Since this starts with about a half cup of pure alcohol, a 50% alcohol burnoff gives you a quarter cup of alcohol in about 2 and a half cups of other ingredients. This is less than 10% of the total by volume.

When I said "almost all of the alcohol had evaporated" I was incorrect... but simmering for 10 minutes will remove a large quantity of alcohol.


----------



## Alix (Jan 4, 2009)

FOUND IT! I have been searching for this recipe for ages. I forgot what it was called and simply couldn't find it again. And searching for Allen's name didn't work either dang it all. I got stubborn today and just kept on hunting til I found it. I think I will make this either tonight or tomorrow. (I may have to clean out the fridge tonight)


----------



## SierraCook (Jan 4, 2009)

Thanks, Alix.  This recipe looks good and I saved it to my recipe files.


----------



## Seven S (Jan 4, 2009)

I recall a discussion thread on here a couple years back regarding the "cooking out of the alcohol" in recipes that called for using it.  It got into a very heated argument, apparently, not as much of it cooks out as previously thought.  anyways...

food police tip...  if you choose to marinate the chicken in the sauce prior to grilling as stated in the recipe as optional, I would certainly recommend boiling the marinated sauce prior to using it for basting the chicken.  better yet... make more sauce than stated, reserve some aside for basting or dipping, and use the remainder for marinating... discard the marinade portion.


----------



## Glorie (Jan 4, 2009)

This sounds phenomenal - I can't wait to make it, I have a bottle of Jim Beam just screaming "USE ME!!" lol


----------



## Maverick2272 (Jan 5, 2009)

Ah yes, Bourbon Street Chicken, good stuff thanks for the recipe!

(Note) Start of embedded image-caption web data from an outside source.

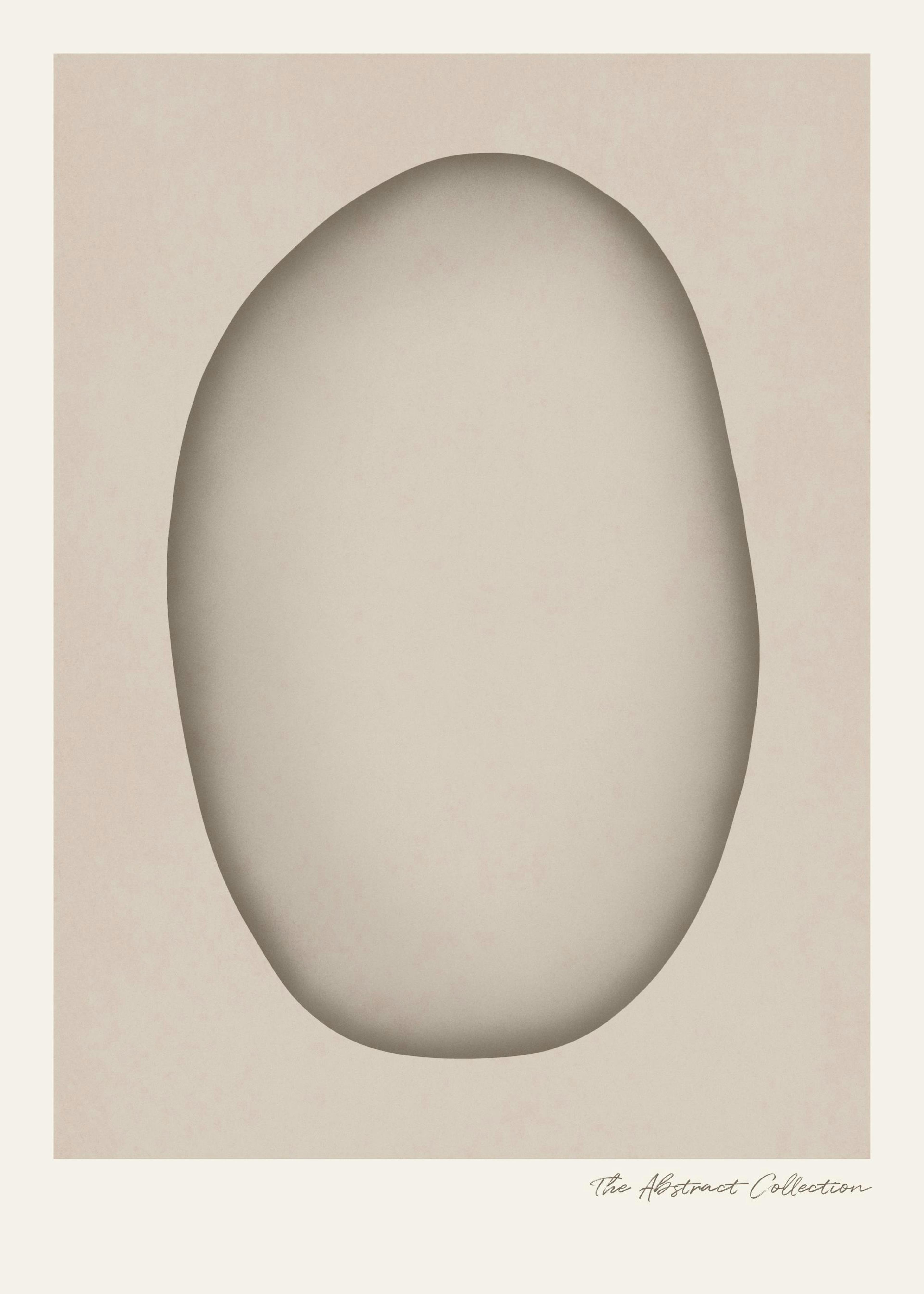 Oval Orb Poster 0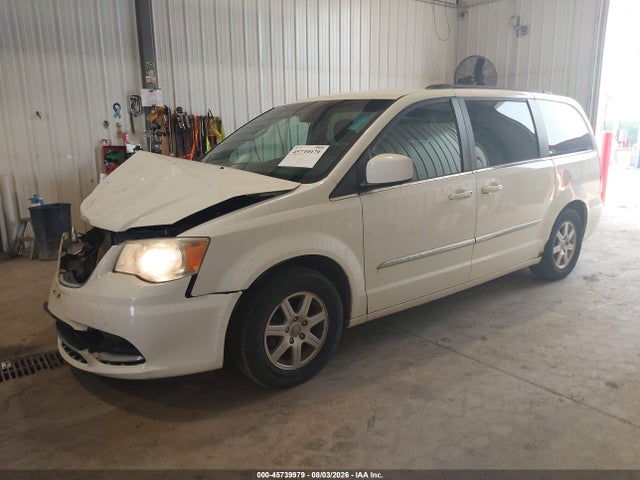 Aukcja sprzedaży 2011 Chrysler Town & Country Touring, vin: 2A4RR5DG7BR675087, numer aukcji: 45739979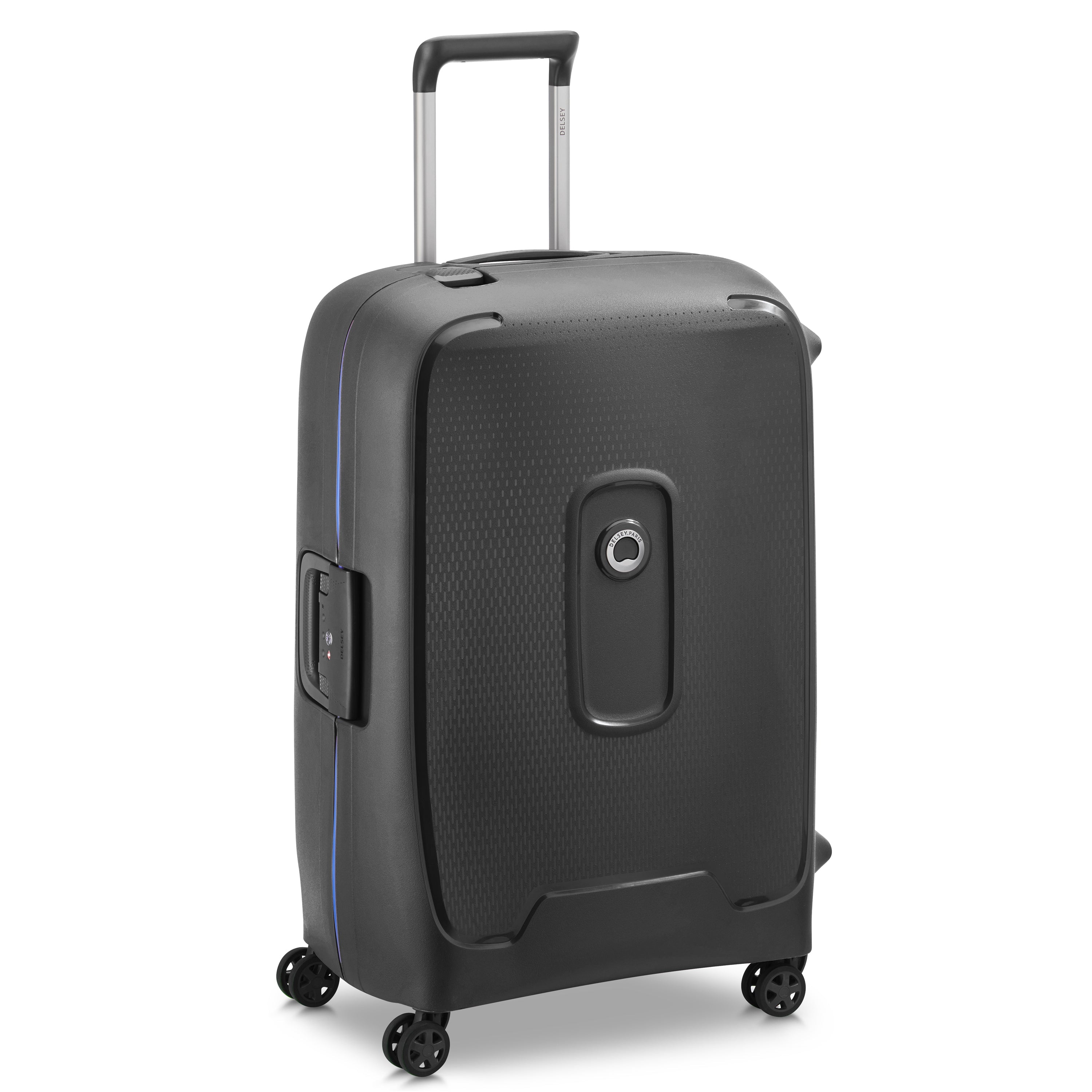 delsey-paris-caumartin-plus-moncey-koffer-69-cm-schwarz image 2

I think they associated it with LA just because of Bourbon St. not realizing it was actually because it had bourbon in it.
Think Bourbon flavored chicken.... kinda... sorta... ah just tell me to shut up and eat! LOL.


----------



## Alix (Jan 5, 2009)

Shut up and eat Buddy. This is dinner tonight for us.


----------



## Maverick2272 (Jan 5, 2009)

Pass the plate, stuffing my mouth with food is a good way to shut up! LOL


----------



## Alix (Jan 6, 2009)

Hey Buddy, you would have fit right in at the table, lots of munching, little talking! Thats how you know something tastes good in our house!


----------